Mona Ashiya
About Mona Ashiya
Mona Ashiya, Ph.D., age 56, joined the Shattuck Labs (STTK) Board of Directors on August 25, 2025 as a Class I director, serving until the next election of Class I directors. She is a long-tenured Member at OrbiMed Advisors LLC (since 2010), currently serving on the boards of Disc Medicine, Inc. (Nasdaq: IRON) and several private companies. Ashiya holds a B.A. from the University of California, Berkeley and a Ph.D. in Cellular, Molecular and Developmental Biology from the University of Pittsburgh. She was appointed as an “OrbiMed Designee” pursuant to a letter agreement tied to Shattuck’s August 2025 private placement financing .
Past Roles
| Organization | Role | Tenure | Committees/Impact |
|---|---|---|---|
| OrbiMed Advisors LLC | Member (various roles of increasing responsibility) | 2010–present | Investment leadership; sponsor/board designee at STTK |
| Shattuck Labs, Inc. | Director (Class I) | Appointed 08-25-2025 | Not disclosed (no committee assignments given in appointment 8-K) |
External Roles
| Organization | Role | Listing/Status | Notes |
|---|---|---|---|
| Disc Medicine, Inc. | Director | Nasdaq: IRON | Current board service |
| Multiple private companies | Director | Private | Not enumerated |
| OrbiMed Advisors LLC | Member | Private investment adviser | Long-tenured investment professional |
Board Governance
- Appointment and status: Ashiya was appointed as an “OrbiMed Designee” under an August 4, 2025 letter agreement entered in connection with Shattuck’s ~$103M private placement led by OrbiMed; OrbiMed can designate up to two directors while holding ≥15% of common shares, and one director while holding ≥7.5% .
- Committee assignments: The appointment 8-K assigns Dr.

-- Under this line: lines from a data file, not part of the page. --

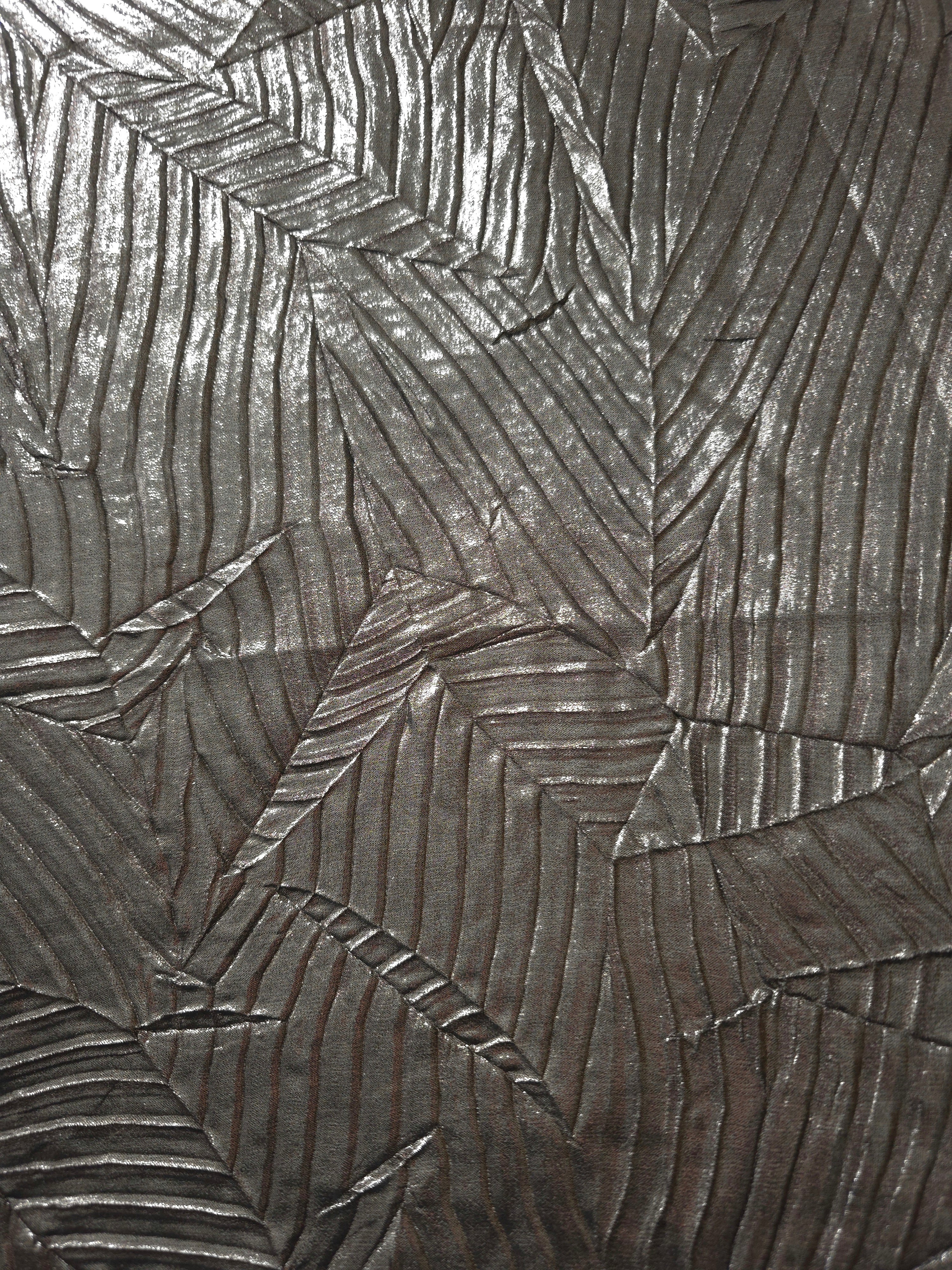 Surface detail of Graphite Gray leaf-pattern plissé shimmer fabric showcases sculpted leaf-like pleats for evening clutches, garment accents and special-occasion pieces.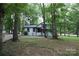 White house with black accents, nestled among lush trees at 310 Chaney St, Wingate, NC 28174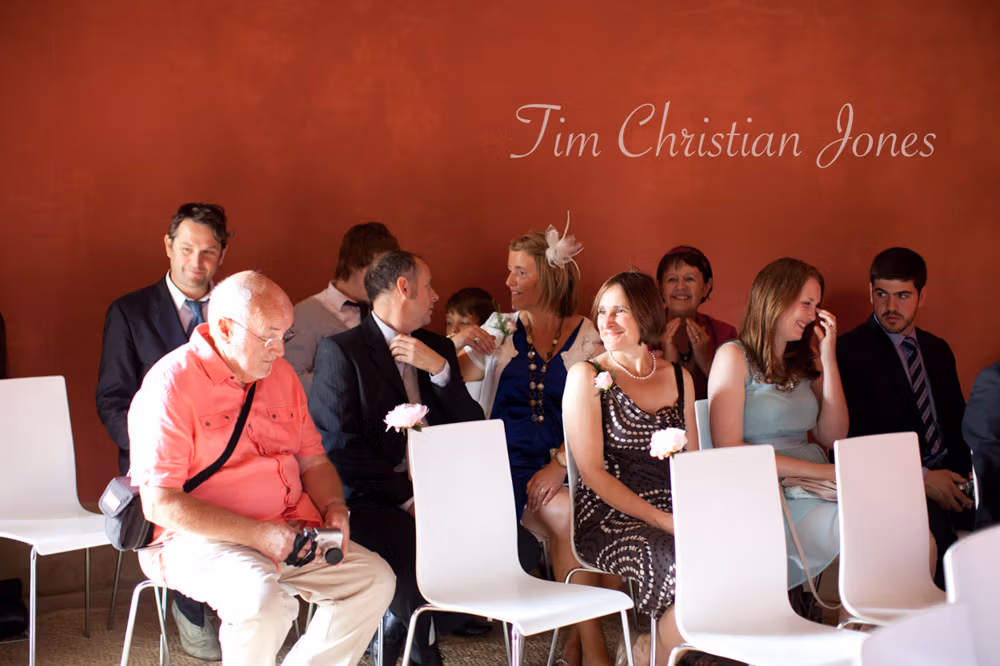 Guests seated inside the Temple of Apollo, red walls and sunlight from the open doorway
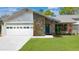 Charming home with a stone accent wall, well-maintained lawn, and a modern garage door at 13891 Feather Sound Dr, Clearwater, FL 33762
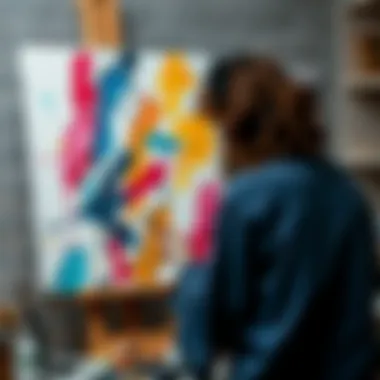 An artist painting with acrylics on canvas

Dan Baker to Audit and Nominating Committees; no committee assignment was disclosed for Ashiya at appointment .
- Independence: Documents identify Ashiya as an OrbiMed Designee affiliated with a major investor; the filing does not state Nasdaq “independent” status for her. OrbiMed’s Schedule 13D further notes Ashiya’s role and OrbiMed’s ability to influence control via designated directors .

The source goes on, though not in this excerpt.